Do you believe you have the right to know details about where your food comes from? If so, get to know more about a new law that keeps consumers in the dark in order to honour the privacy rights of food producers.
What are ag-gag laws?
Coined by New York Times columnist Mark Bittman, ag-gag laws refers to any bill that attempts to criminalize whistleblowers for informing the public about factory farm practices. According to Bittman, these bills “seek to punish not only photographers and videographers but those who distribute their work, which means organizations like the Humane Society of the United States and Mercy for Animals.”
Who is trying to pass ag-gag laws?
Supporters of ag-gag laws believe that such bills strengthen private property rights, protecting business owners from intruders of their workplace, a nonpublic area, from rivals who seek to steal information or expose their practices.
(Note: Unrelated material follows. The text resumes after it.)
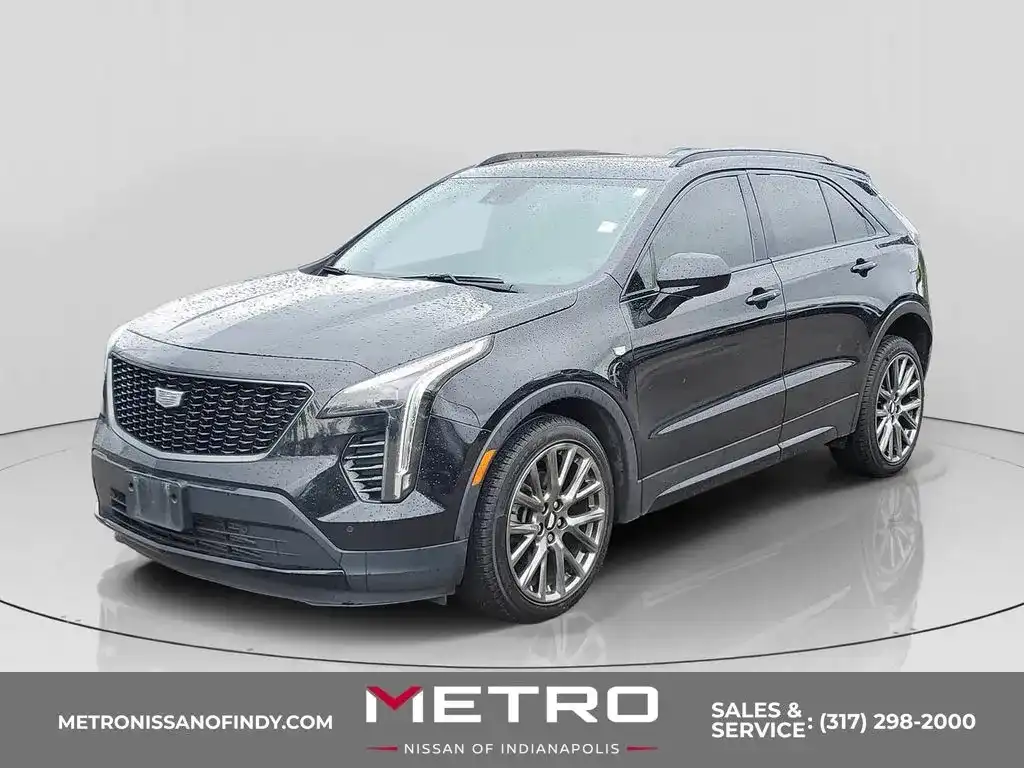 2020 Cadillac XT4 Sport AWD's photo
Some supporters, including the board of directors for the “Animal and Ecological Terrorism in America” act, go further with their accusations, calling whistleblower investigations on factory farms an act of terrorism. According to Bill Moyers, Managing Editor of Huffington Post Green, “Just two Septembers after the atrocious attacks that killed three thousand Americans, and as we were still trying to figure out how to cope with terrorism, ALEC compared “extreme animal rights and environmental militants” to “terrorist groups like Al Qaeda.””
Who is attempting to outlaw ag-gag bills?
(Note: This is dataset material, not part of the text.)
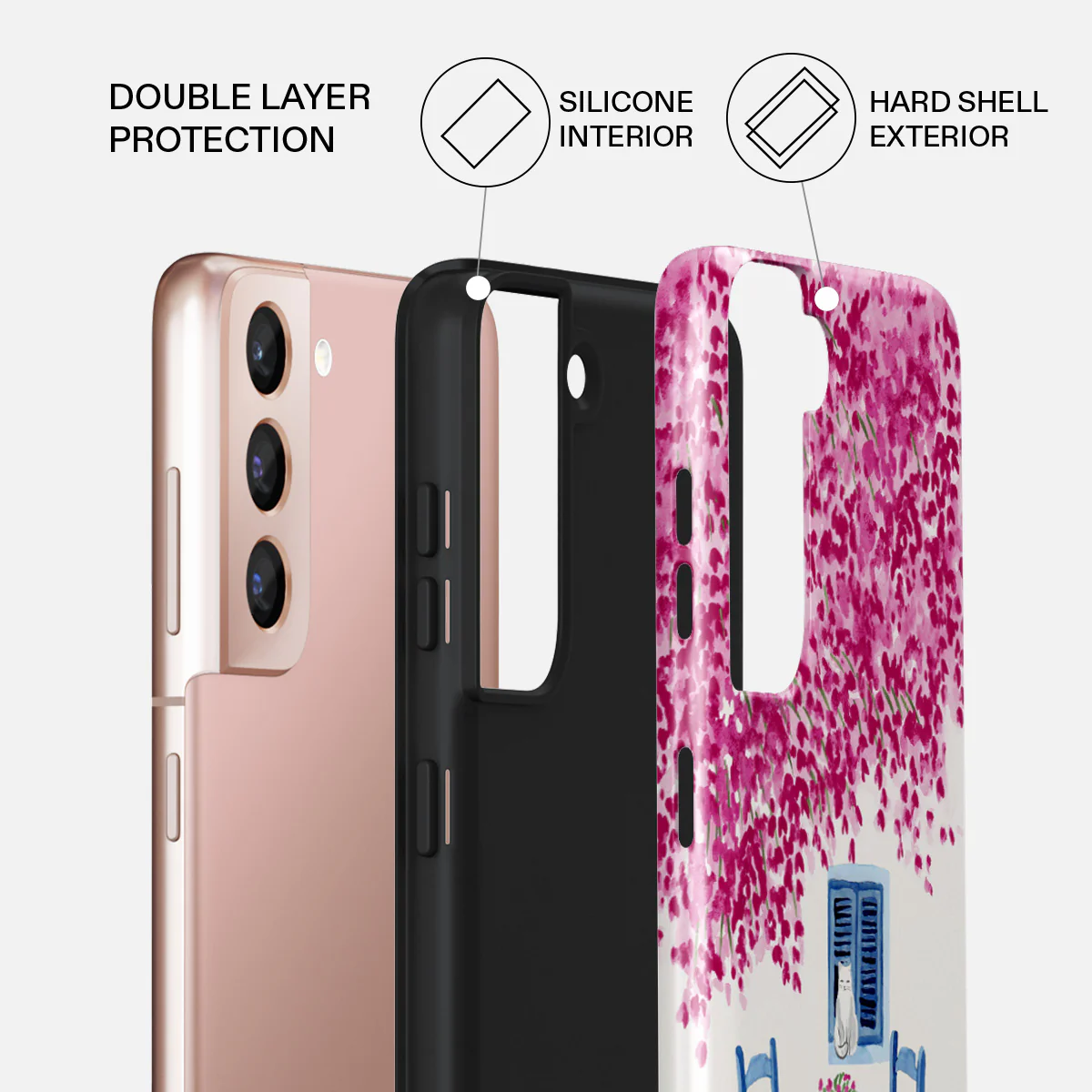 Milos - Samsung Galaxy S21 Plus Case - Image 2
With data suggesting that 99 percent of farm animals in the United States are raised in factory farms, it is no wonder that animal rights activists and organizations have been attempting to explore the practices involved in meat production. However, since most producers of animal products do not typically disclose information about their practices, or welcome outsiders in to observe what goes on in their facilities, information relating to some of the largest meat producers remains private.
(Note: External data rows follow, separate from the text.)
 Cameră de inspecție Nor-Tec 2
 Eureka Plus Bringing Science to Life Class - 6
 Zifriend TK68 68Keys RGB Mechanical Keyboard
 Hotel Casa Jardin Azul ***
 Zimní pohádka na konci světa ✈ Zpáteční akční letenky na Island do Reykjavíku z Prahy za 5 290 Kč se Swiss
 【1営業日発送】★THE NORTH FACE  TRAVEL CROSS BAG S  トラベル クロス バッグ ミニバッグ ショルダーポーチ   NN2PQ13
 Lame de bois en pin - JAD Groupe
The widespread belief that the reality behind meat production should be known to consumers has inspired whistleblowers to go undercover and reveal factory farming practices, in order to make them known.
Ag-gag laws challenge this behaviour by making it illegal to investigates factory farms, and thus impossible for these facts to become public knowledge. A problematic reality since the truth could potentially prevent conumers from making informed decisions related to their health. In fact, Wired magazine claimed that, since unethical, subpar environments often encourage unsanitary conditions, “ag gag laws could make America sick.”
“Ag gag laws could make America sick.”
Critics, like Matt Dominguez of the HSUS Farm Animal Protection Campaign, believe that the attempt by the meat industry to hide their practices only serves to prove that their behaviour is a problem worth concealing. “The industry’s response is not to clean up the bad behavior, but rather to make investigations illegal. We show what they’re desperate to hide from the American public.”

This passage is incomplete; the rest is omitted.